И рассказывает свою историю.
– Выпивал… И вдруг лишился здоровья. Страх стал брать при работе. Бросил пить – страх не проходит. Пошел к докторам, а они говорят: "Ты здоров, иди и работай". Работаю – страх все не проходит. Последний доктор дал ландышевые капли. Пил много, безмерно пил, а страх усилился. Тут понял, что доктора не помогут, потерял веру в докторов и пошел к священникам. Обошел всех известных, и все говорят одно: "Ты здоров, иди и работай". А страх все не проходит. Теперь осталось испытать последнее: посоветоваться с отцом Егором.
– Отец Егор поможет, – сочувственно воскликнули все три женщины, – страх твой пройдет!
До молебна оставалось немного времени; все поднялись осмотреть отца Егора "заведение".

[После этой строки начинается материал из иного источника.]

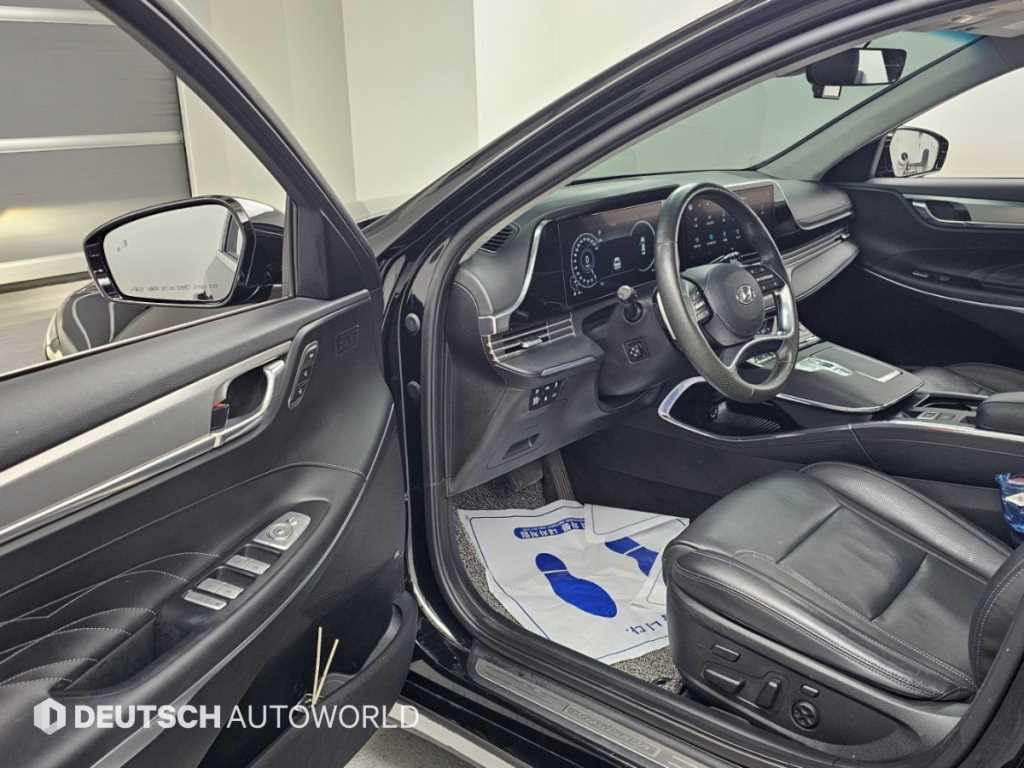 Hyundai Grandeur — photo 11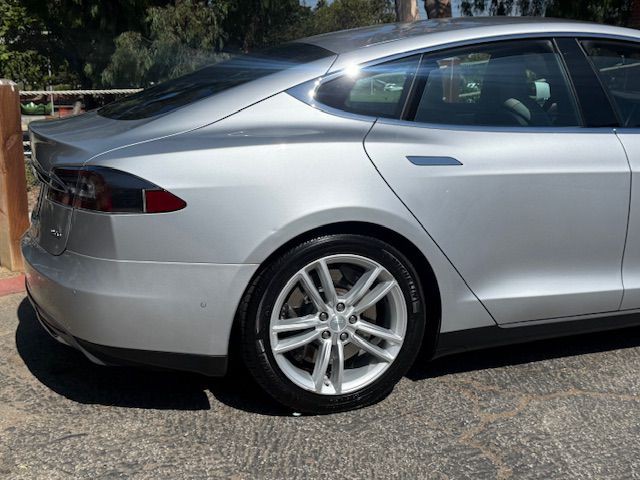 2015 Tesla Model S Image 14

С мыслью о народном "прозорливце" всегда соединяется представление о черной рясе, о скудном, "богорадном и самоозлобленном" житии и всегда овладевает чувство неловкости. Потому, когда тут у отца Егора встречают нас сытые матушкины куры и дом, прекрасный, светлый, в котором так хорошо жить и работать, где все так дельно, разумно устроено и где нет следа юродства, – становится легко. В согласии с домом священника развертывается и все остальное вокруг. Не случайностью кажется то, что приютские девочки, здоровые и веселые, одеты в красные кофты; не случайно то, что сестра, читающая Псалтырь богомольцам, в кумачовом сарафане, и не случайно, что в этот светлый весенний день дети сажают между могилами старого кладбища яблони. Ни черных ряс, ни кликуш; вся масса народа, отдыхающая возле гостиниц на солнце, спокойна: пришли посоветоваться с отцом Егором.
Я любовался большой плотиной у пруда, которую целых три года в свободное время отец Егор насыпал вместе с детьми. Когда я услыхал сзади себя шум и оглянулся, около верхней ступеньки паперти виднелась большая седая голова, а за ней массой шел в церковь народ.
– У простого попа, – говорит народ, – дело самое легкое: раз махнул рукой, два махнул – и кончено. А у отца Егора трудно.